Note4Students
From UPSC perspective, the following things are important :
Prelims level : Sentinel-3 World Fire Atlas
Mains level : Forest fires and their global impact
Sentinel-3 World Fire Atlas
- The Sentinel-3 World Fires Atlas Prototype product has been developed by European Space Agency.
- It uses a method that enables it to identify all active fires at night.
- The sensors on satellites measure thermal infrared radiation to take the temperature of Earth’s land surfaces.

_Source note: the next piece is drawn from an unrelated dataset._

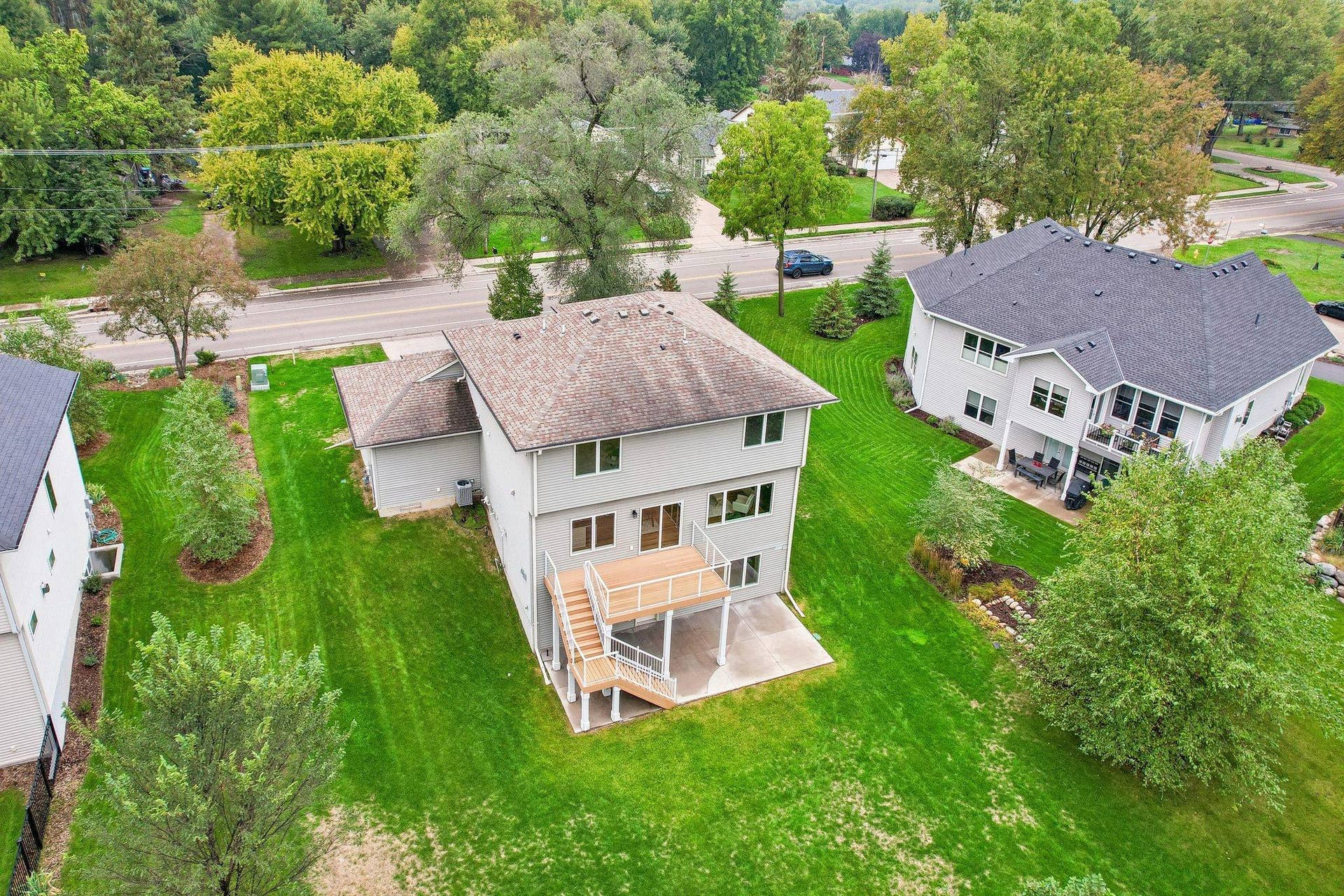 325 County Road B W, Roseville, MN 55113 76-web-or-mls-County Road B-S0110-076.jpg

This information is used to detect and monitor the heat emitted by the fires.
- The Atlas uses the satellite data to plot the number of fires occurring monthly.
Why it’s significant?
- Quantifying and monitoring fires is important for the study of climate.
- Forest fires have a significant impact on global atmospheric emissions, with biomass burning contributing to the global budgets of greenhouse gases, like carbon dioxide.
Forest fires on rise
- Compared to August 2018, there were almost five times as many wildfires across the world in August 2019 the European Space Agency (ESA) has announced citing data from its Sentinel-3 World Fire Atlas.

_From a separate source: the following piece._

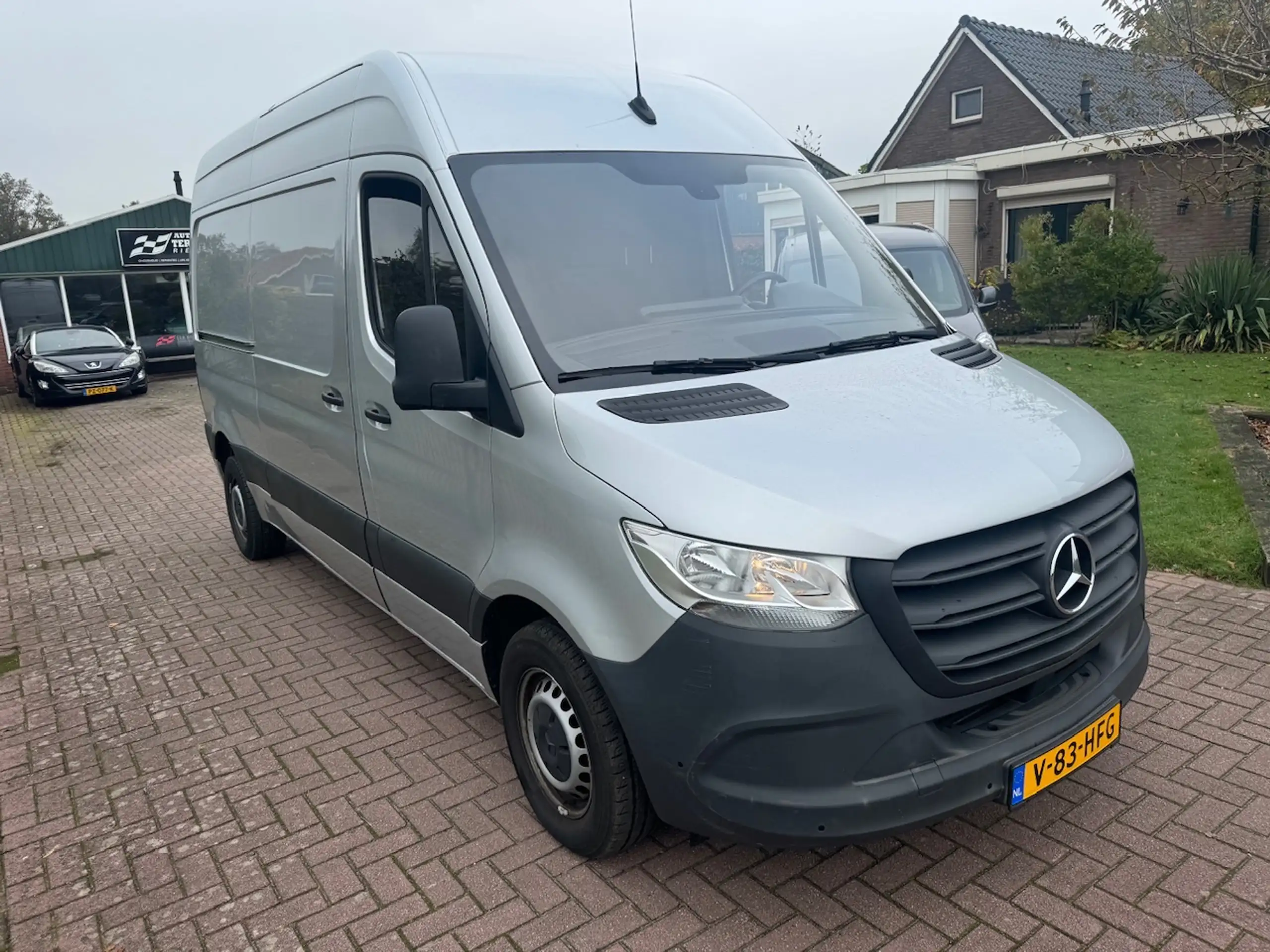 Mercedes-Benz - Sprinter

- August and September 2019 were also the months during which fires in the Amazon rainforest were at the centre of worldwide attention.
- A detailed analysis of the August 2019 fires, however, shows that it was Asia that accounted for nearly half of these fires.
Distribution
- The ESA’s Copernicus Sentinel-3 mission recorded 79,000 fires in August this year, compared to just over 16,000 fires detected during the same period last year.
- These figures were achieved by using data from the Sentinel-3 World Fire Atlas Prototype, which also provided a breakdown of these fires per continent.
- The data revealed that 49% of the fires were detected in Asia, around 28% were detected in South America, 16% in Africa, and the remaining were recorded in North America, Europe and Oceania.